Does every session become a race?

Does every session become a race?

With the summer season out the the plethora of opportunities to race, it is very easy to get carried away with racing once twice or even more per week.


When working with athletes we deliberately say that there has to be a really clear purpose behind any rep, for any session, for any bunch of sessions. If you can’t correlate a “why” back to the session and the overall target for the year then the chances are you shouldn’t be doing that session. Often races can have a clear reason: it may be competition or speed work opportunities or your friends are doing it and you want to join in. However, often that reason may not accurately align with what your goals are the season.

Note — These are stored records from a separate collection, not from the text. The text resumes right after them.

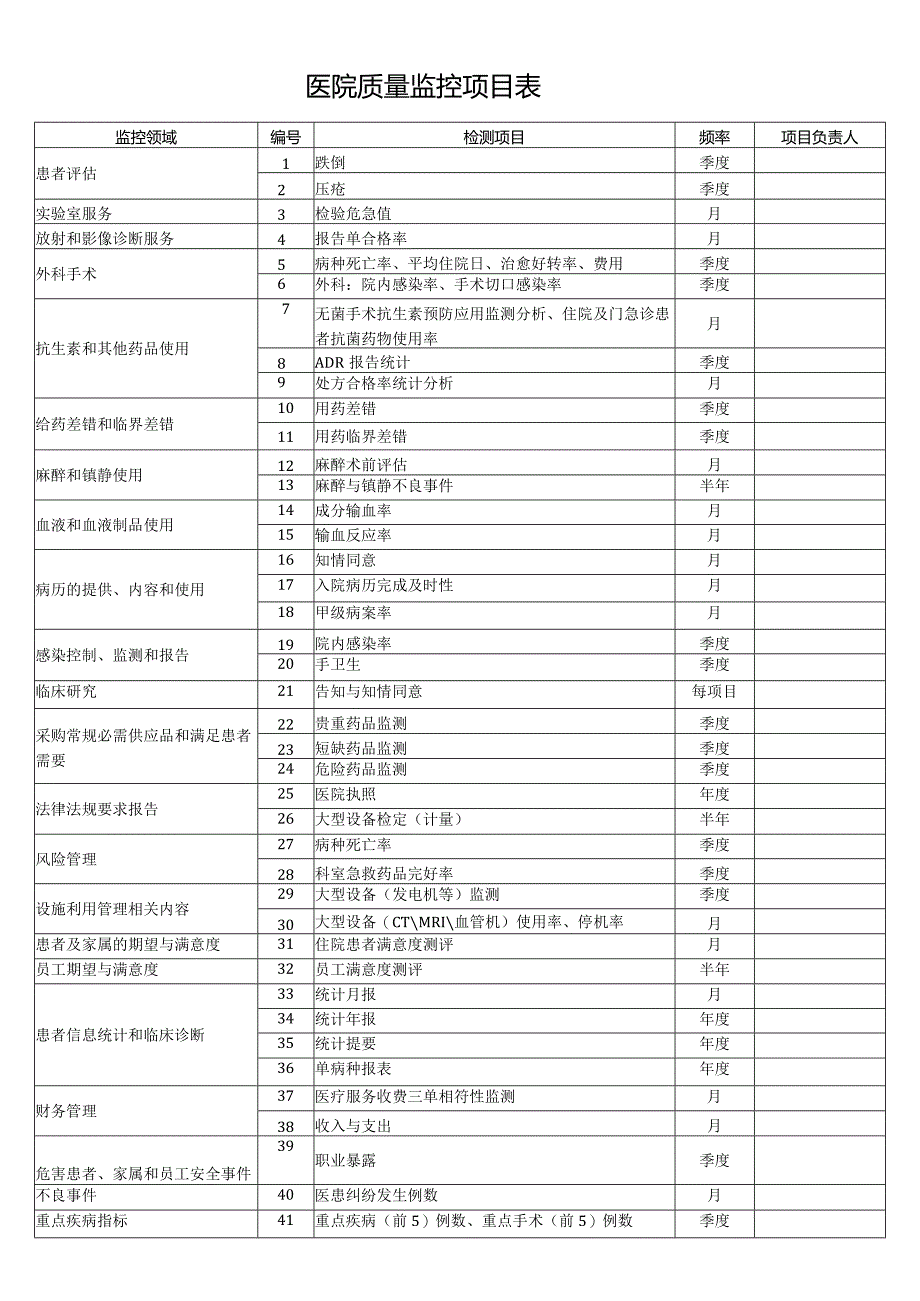 医院质量监控项目表.docx_第1页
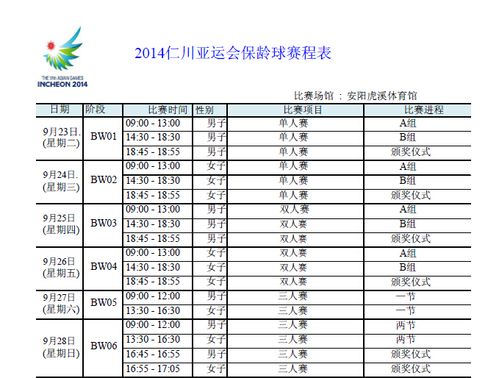 仁川亚运会比赛日程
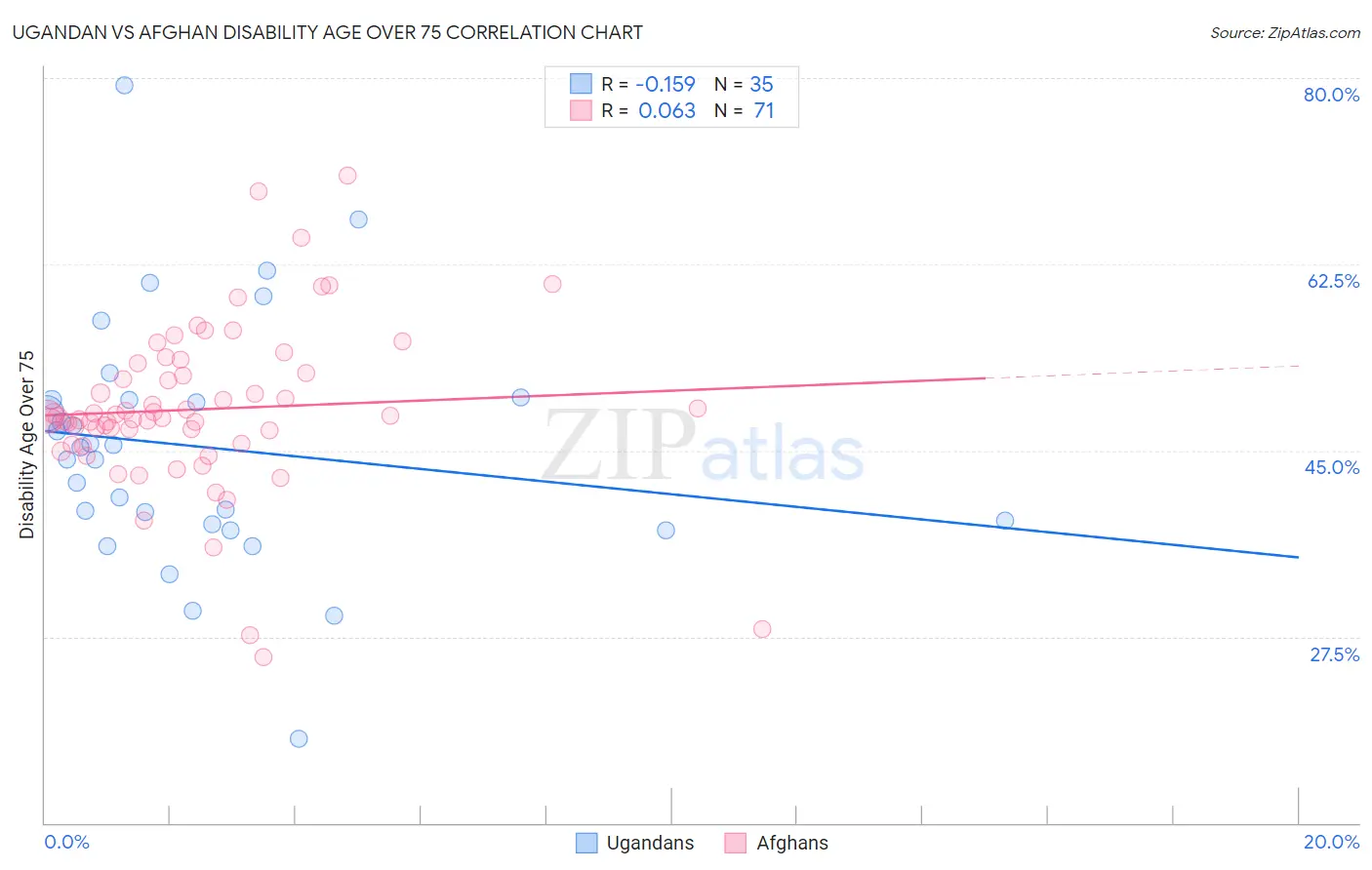Ugandan vs Afghan Disability Age Over 75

Frequently athletes will start filling their weeks up with mid-week TT’s, weekend park runs and a triathlon without including the evening open water series, or club interval style sessions! Then on top of that they are trying to fit in their key training sessions as well.

The problem is they have duplicated workouts and with most people who have normal jobs, there isn’t the the spare time do do “more” volume, we are stuck with what we have time for. If you find yourself as one of those people who is going from race to race, of course you will see some improvements but the chances are you won’t then peak for the event you really want to race in. Fundamentally, the race has to replace part of your training week, so swap like for like or build it in as part of a session. For example, TTs are excellent threshold workouts – use that as a replacement for threshold efforts in your training week and try and run off the bike to really gain something from it. The Park Run is an incredibly social event, those needing a long run, may finish with a park run to ensure they “finish strong” on their endurance efforts. Open water swim races can be excellent to help build confidence in the open water, improve skills and is an excellent long interval, but not at the sacrifice of your pool-based training schedule. See here for more info. Whereas, the draft legal road race for IRONMAN distance athletes is less suitable even though it would be good miles it lacks the specificity of the IRONMAN bike leg.

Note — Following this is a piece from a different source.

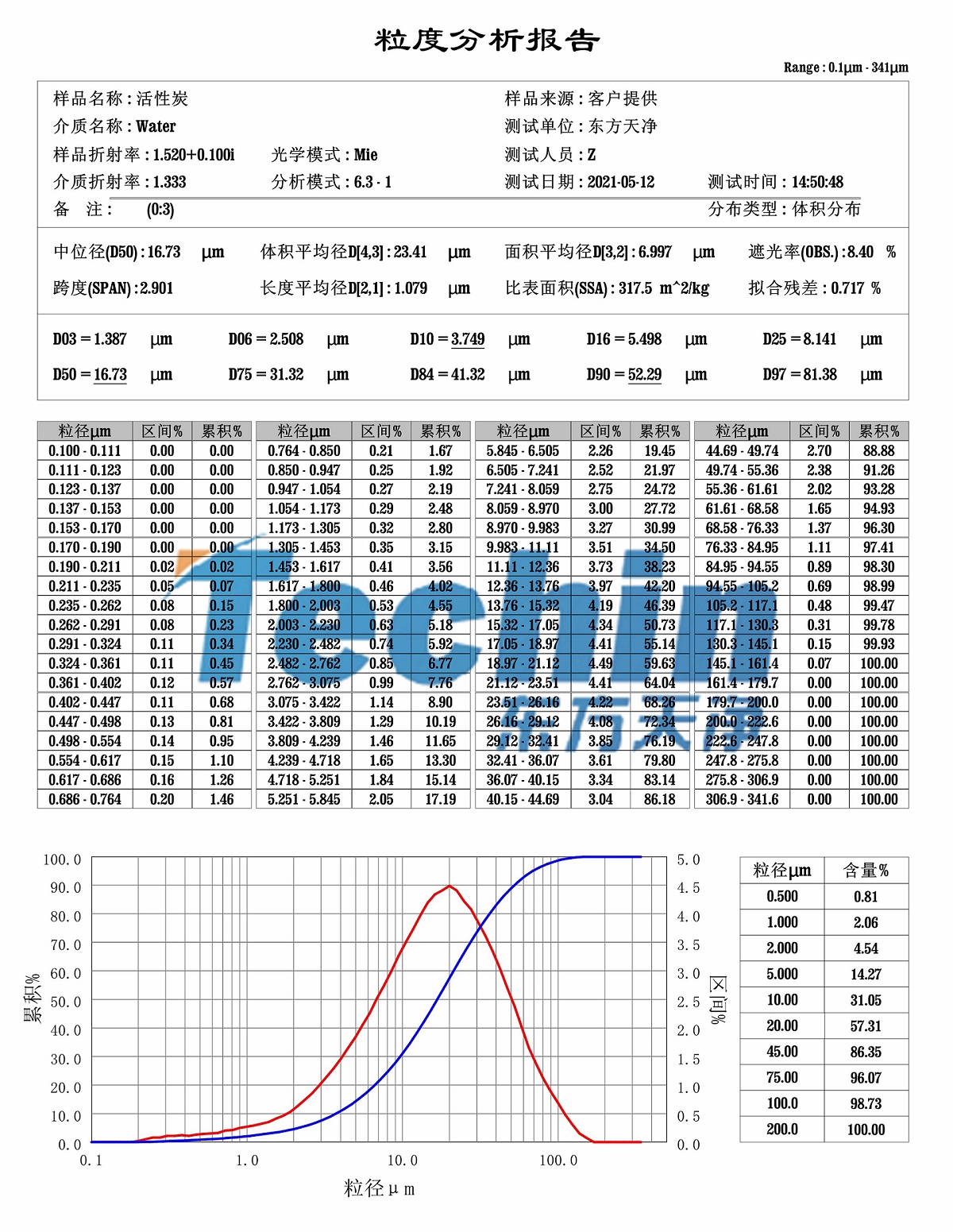 活性炭研磨粒度阐发报告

Traditionally, we categorise races as A, B or C. A races are few and far between, one or maybe two races per season. These matter. B Races are good opportunities to rehearse tactics, kit or a generally good measure of ability and C races are part of training.

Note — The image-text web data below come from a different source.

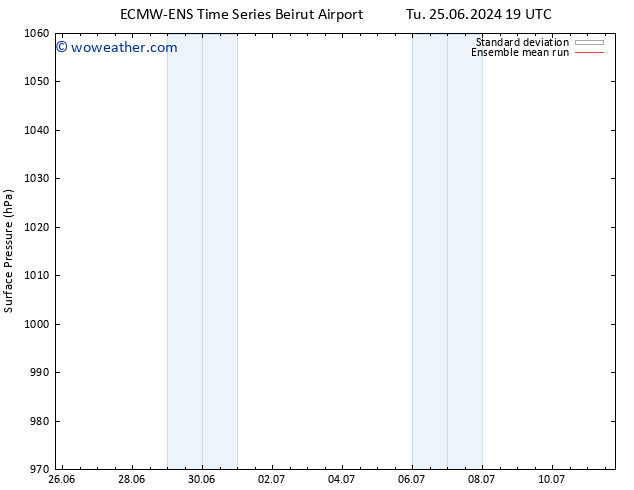 Surface pressure ECMWFTS We 26.06.2024 19 UTC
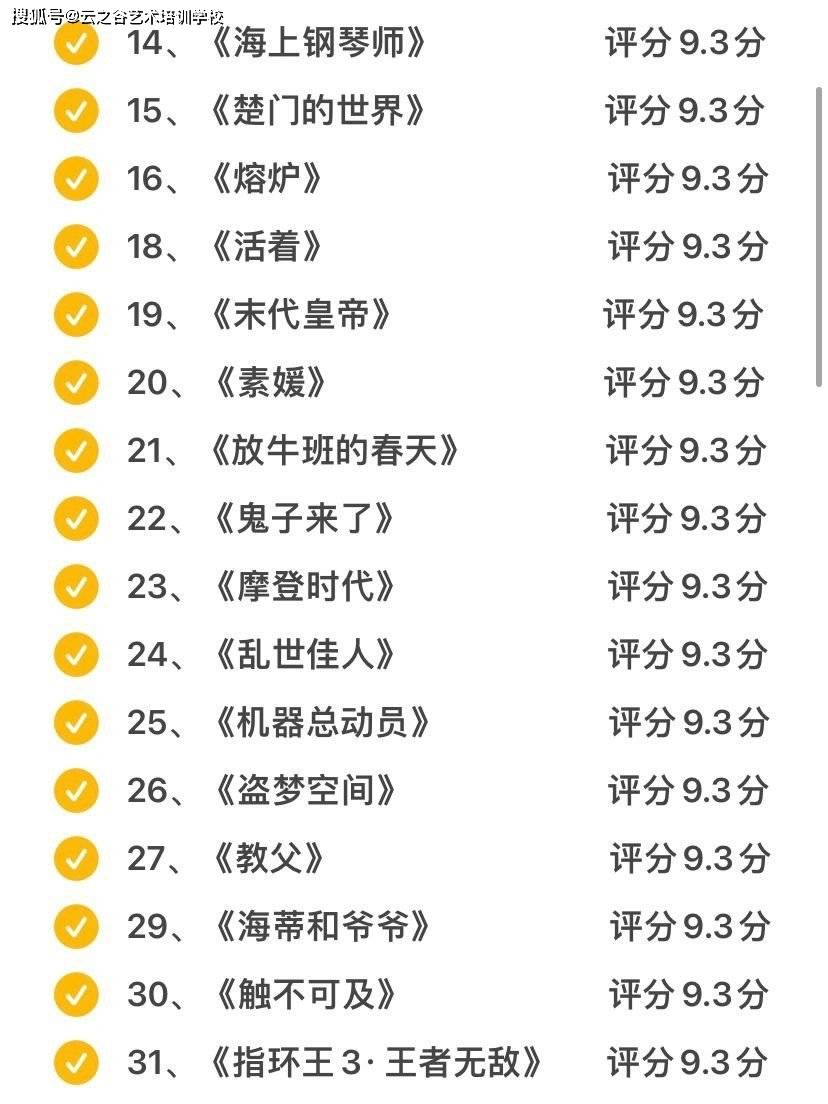 电影|111部高分电影，寒假必备！收藏起来慢慢看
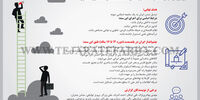 سند سیاست‌های توسعه و تکامل جمهوری اسلامی ایران 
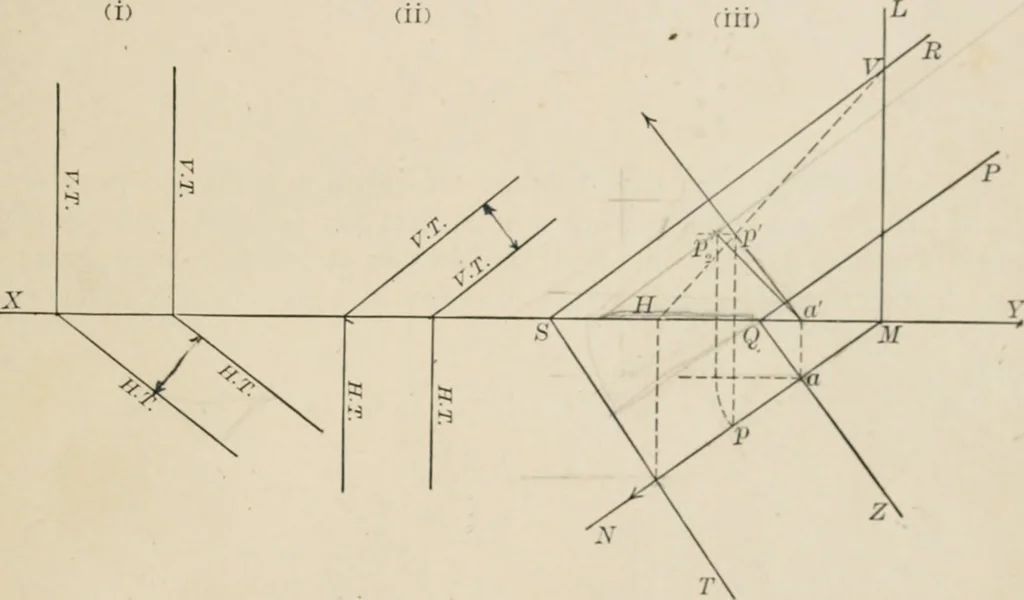 An illustration from Descriptive geometry for students in engineering science and architecture; a carefully graded course of instruction, 1915, leaf 60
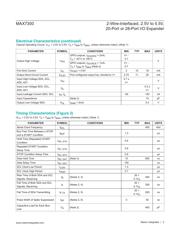 MAX7300ATL+ datasheet.datasheet_page 3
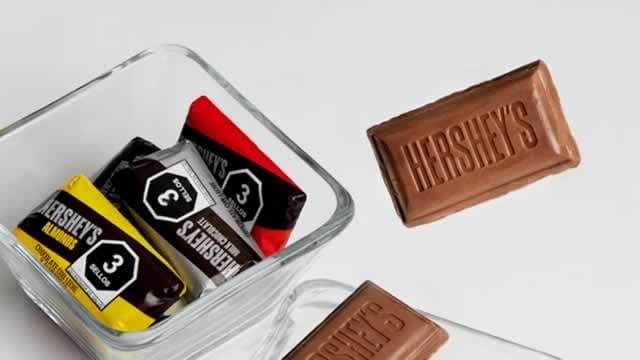 Will Hershey (HSY) Beat Estimates Again in Its Next Earnings Report?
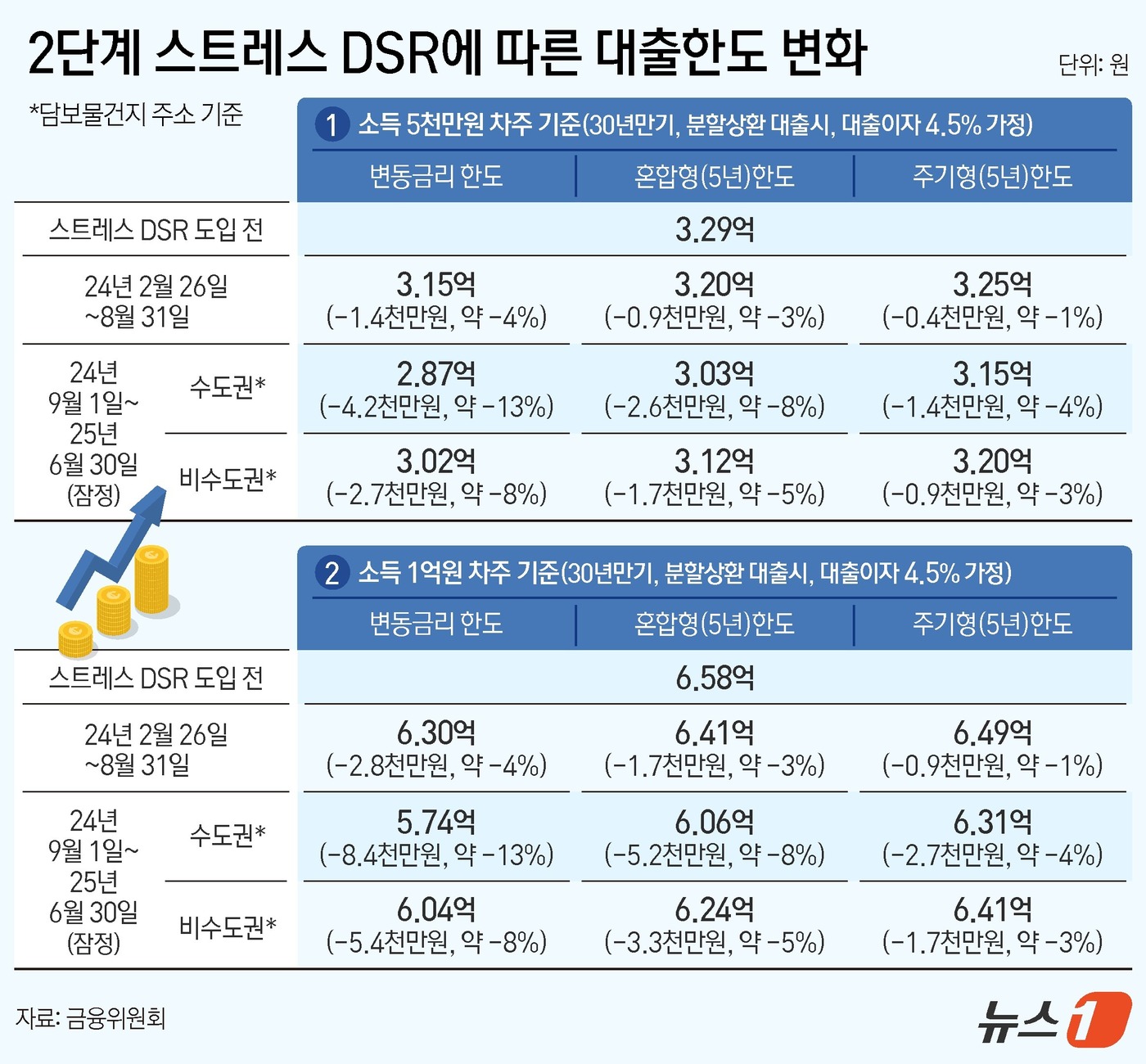 (서울=뉴스1) 김지영 디자이너 = 금융위원회는 20일 오전 서울 중구 은행회관에서 열린 은행권 간담회에서 다음 달 1일부터 '2단계 스트레스 DSR'을 예정대로 시행하되, 수도권 …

This leads us on to the other ‘danger’, where you end up tapering for every race. You skip or adjust sessions just to make sure you are in tip top condition in the lead up to the local C-race. This will just mean you won’t ever reach you true potential for your main race of the season. Often it’s either the athlete who is either going long who ends up focussing on shorter races to use up as training volume to avoid training on their own; or it is the short course athlete who believes that extra races will equal more speed inevitably both are avoiding either the specificity to go longer or building too much fatigue to ever really achieve the speed gains that they were after originally.

Of course sometimes it’s just needed. You need to do a race to blow the cobwebs away and it is fun. However, yet again, that makes sense - it links back to an overall goal! Some friends may all be doing it and it would be a shame to miss out – this is a hobby after all! Don’t feel so hemmed in by training that you are struggling to breathe! Relax and enjoy the race. You will probably end up more focussed afterwards. But this is not the case if you raced within a matter of days – you have had that blow out recently, so stop avoiding the real hard work of training!

In summary, if you can’t link your “race” back to your overall goal and justify it as part of the process, then the chances are you are in danger of doing a session not suitable for your race plan this season. Don’t make that mistake and keep your eyes on the big prize for the year!